Long since dead but I put a lot of time into a browser-based (2D) MMO called Nowhere Else and Beyond back in the day.
You could build islands and they'd be placed somewhere in the world for people to sail to, you could create quests set on your island etc. There was even an object inventor for creating equipment.
> I have this recurring idea of a game where each player can construct their own islands, and players can travel around the world from island to island.
Similar idea, yes! But I'm imagining a single planet where each players island is specified by a set of GPS coordinates. You'd only be able to travel by boat, so initially only islands close to one another would feasibly be able to interact.
What advantage does being on blockchain give here? It just looks like a simple game. It seems like you could implement everything in the game without using any blockchain et al.
Web3/NFT/Blockchain games remind me of Edutainment Games or Christian rock bands. Failing to achieve your core mission by trying to shoehorn in an orthogonal concept.

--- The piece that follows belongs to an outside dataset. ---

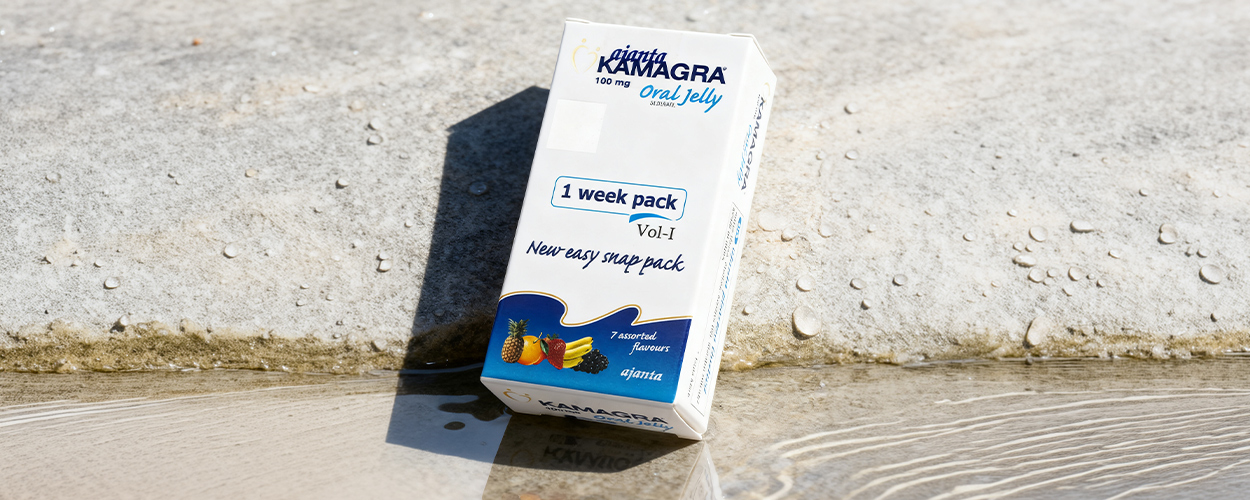 Kamagra zselé 100 mg gyümölcsös zselé tasakos kiszerelés doboza természetes felületen elhelyezve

So after connecting your wallet, no matter the ominous per-tile player-created contracts, every keypress drains your wallet.
Oh, and of course in the author's example they can "fish" at a certain tile and every "fish" is an NFT - but of course it is!
A "permissionless collaborative surface" that is nothing but a barren wasteland of nothingness fuelled by a desperation to find a reason d'être.
What you've created there is a sandbox, maybe, but not a game. There's nothing to do there, no goals, no sights, and connecting wallets, deploying smart contracts, and literally paying for every step you take doesn't sound like fun either.